Recently, I was watching a basketball game while lamenting an employee who was on my own team at work. My team on the basketball court wasn’t winning and so my mind was left to wander a bit. I thought about the great guy at work with an amazing work ethic who put 150% effort into everything he did but wasn’t getting the job done. No matter how much time we put into training, both formally and informally, he wasn’t making the right decisions, the ones in line with our culture, on his own.
I was startled back into focusing on the basketball game when the men next to me started yelling at the coach.
“Take him (we’ll call him Curtis) out!”
I looked back at the game. Sure enough, Curtis was taking shots but not sinking them. Curtis seemed to be running faster and trying harder than anyone else on the team, just not making the contribution to win. Instead of watching for scoring, I started watching the team dynamics.
They weren’t moving the ball around the team as they should. The team must have sensed that Curtis wasn’t up to their level and they weren’t passing to him. That made the remaining players work that much harder, and they were beginning to tire out because they were making up for Curtis’s deficits. When they did send the ball to Curtis, inevitably he would miss the shot, or the ball would be stolen away resulting in a basket for the other team. The look on Curtis’s face revealed sheer disappointment. Regardless, he kept on trying with all his might. I caught the other players looking at the coach with disdain.
The game ended with the defeat of our basketball team and some realizations for my own team at work:
- Heartbreaking as it is, trying hard isn’t enough. You have to have the skills to contribute to the team. If you take 40 shots a game, but none of them sink, it didn’t help the team win.
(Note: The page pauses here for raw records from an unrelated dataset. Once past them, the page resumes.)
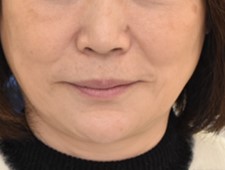 60代女性審美治療の後の写真正面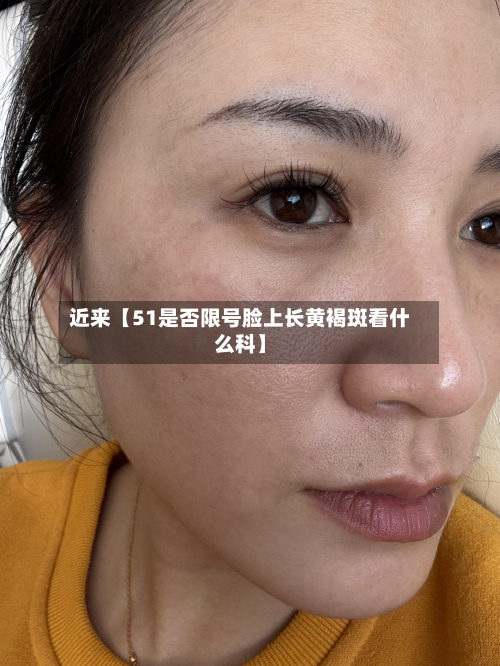 近来【51是否限号脸上长黄褐斑看什么科】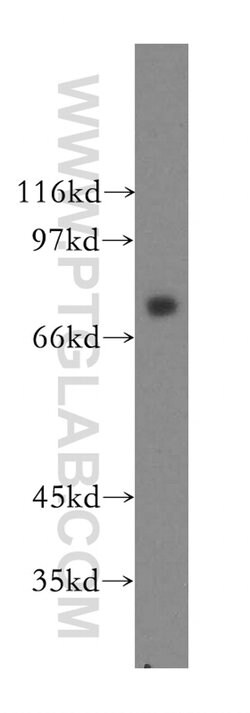 CMIP Rabbit anti-Human, Polyclonal, Proteintech 150 &mu;L; Unconjugated:Antibodies,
- When someone isn’t contributing to the team appropriately, others have to make up for it and it wears them out. It puts undue demands on the best players.
- The other players look to the coach to make the tough call and pull the poor player out. No one else can do it, that’s the coach’s job and if s/he doesn’t do it, then s/he is doing a disservice to the entire team.
- Not doing his/her job makes the other players lose respect for the coach and all the other instructions that are given during the game. Telling the good players to play harder to win isn’t received well.
- The other players start to resent the poor performer.
- No one wants to be on a losing team, not even Curtis.
- Good players will have the opportunity to leave, bad players stay (no one else wants them), or they are too afraid of failing elsewhere to move on. So the coach has to do something to keep the good players, and help the poor player find a different team with a need for his/her skill set.
Don’t leave this article thinking that the ax is the best solution for poor team dynamics. Coaching to make every player successful should always be attempted first. But, when that isn’t working, then it is up to the coach, and no one else, to make the tough call to pull a player out. It is especially difficult when that player tries so hard to help the team win.
In my case, I had tough conversations with my team member. We discussed fit and the basketball analogy specifically. Eventually, he decided to leave. He was a solid player, but not a good fit for us, and sure enough he found another team to play on a couple of weeks later. The position was a much better fit for him, and put him again in a position to win.
Armed with some new learnings about what it takes to be successful on our team, we started drafting for a new player. A new team player joined us shortly thereafter and we went to work figuring out the new team dynamics. Everyone was in position, excited again and working for a win.